Material for this task Start Marker
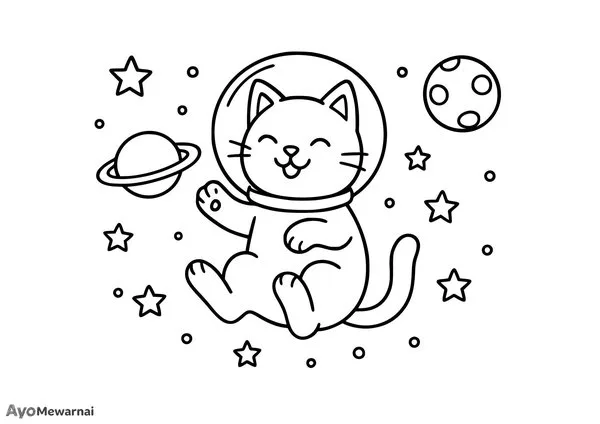 Gambar Mewarnai Kucing di Ruang Angkasa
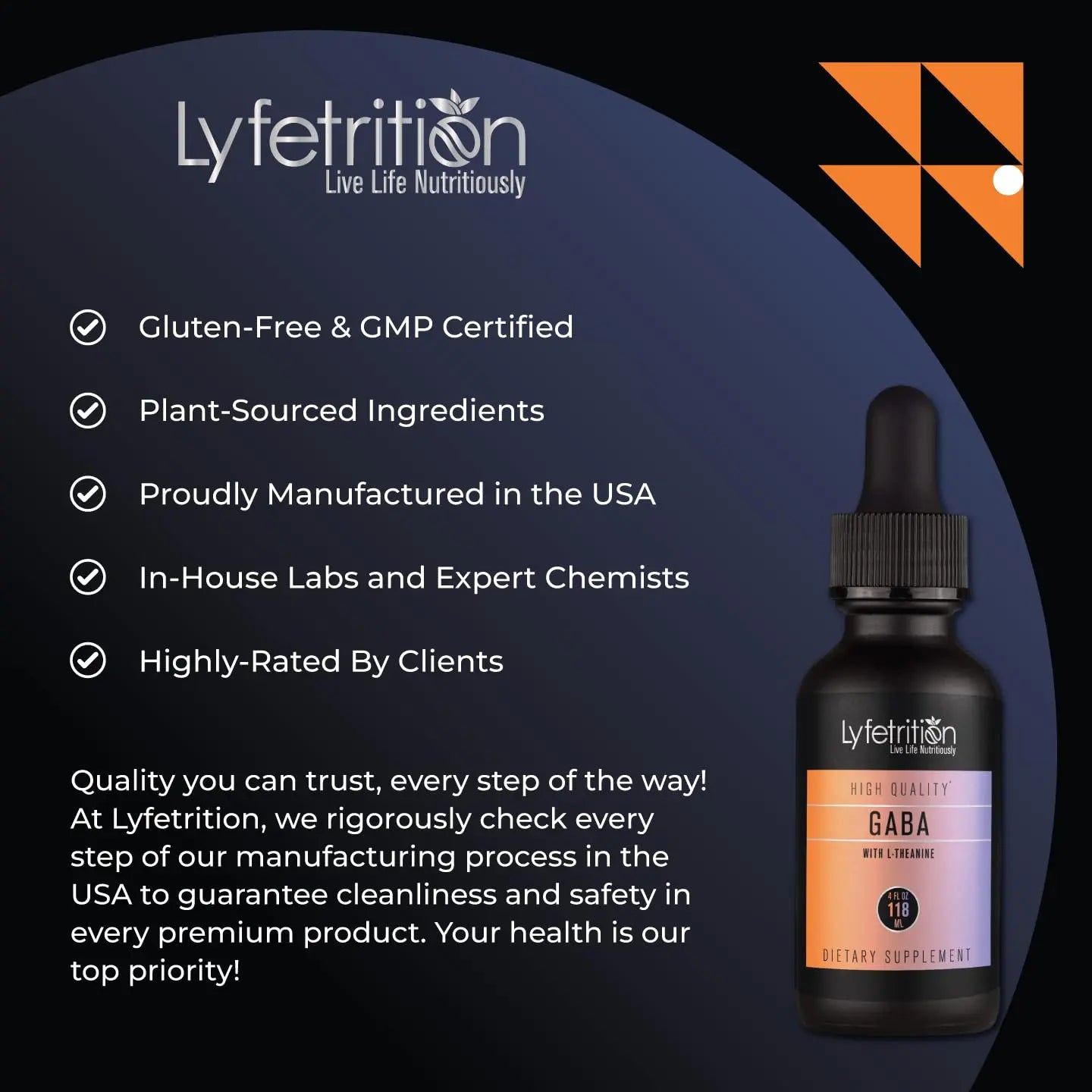 Lyfetrition GABA with L-Theanine, Ginkgo Biloba (Salisburia biloba) Extract, Organic Peruvian MACA Root (Lepidium meyenii) Extract, 118 ml, 4 FL Oz Liquid, 220 Servings, Made in USA, Quick Absorption Lyfetritionnz supplements
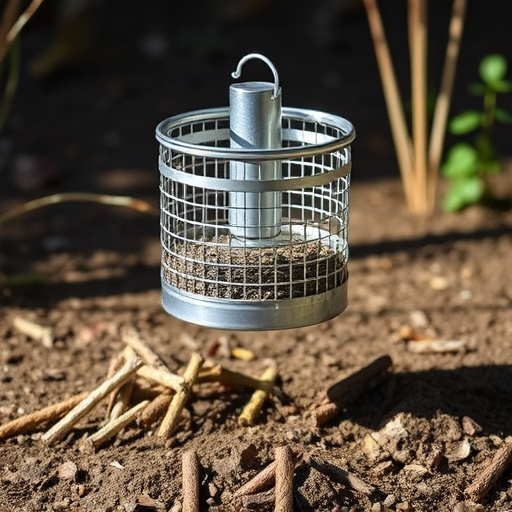 Metal ground feeder with protective mesh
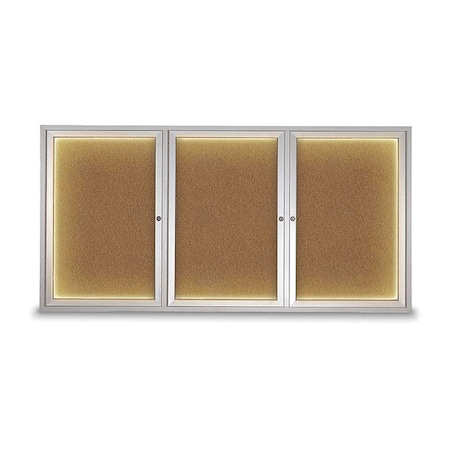 United Visual Products Corkboard, Synthetic Forbo/Satin, 72"x 36" UV418ILED-SATIN-FORBO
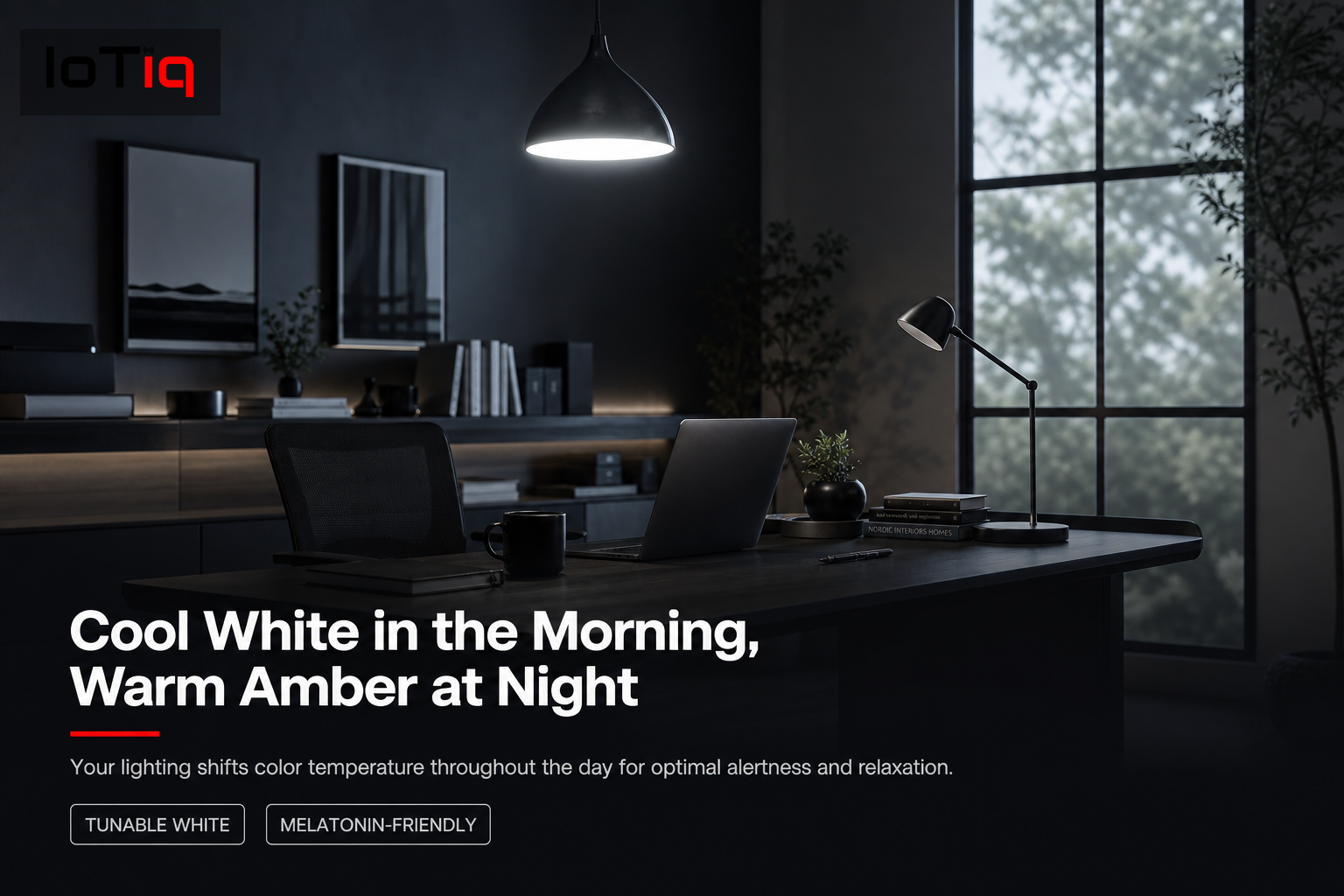 Home office with smart bulb emitting cool white light for increased alertness
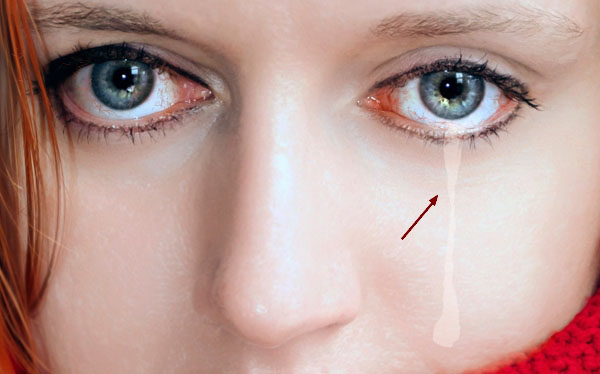 600x374 How To Paint A Realistic Tear With Adobe Photoshop - Tears In Eyes Drawing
Material for this task End Marker
*Directions*. Apart from the pictures, set down all the entries above exactly.

*Solution*.
 Gambar Mewarnai Kucing di Ruang Angkasa
 Lyfetrition GABA with L-Theanine, Ginkgo Biloba (Salisburia biloba) Extract, Organic Peruvian MACA Root (Lepidium meyenii) Extract, 118 ml, 4 FL Oz Liquid, 220 Servings, Made in USA, Quick Absorption Lyfetritionnz supplements
 Metal ground feeder with protective mesh
 United Visual Products Corkboard, Synthetic Forbo/Satin, 72"x 36" UV418ILED-SATIN-FORBO
 Home office with smart bulb emitting cool white light for increased alertness
 600x374 How To Paint A Realistic Tear With Adobe Photoshop - Tears In Eyes Drawing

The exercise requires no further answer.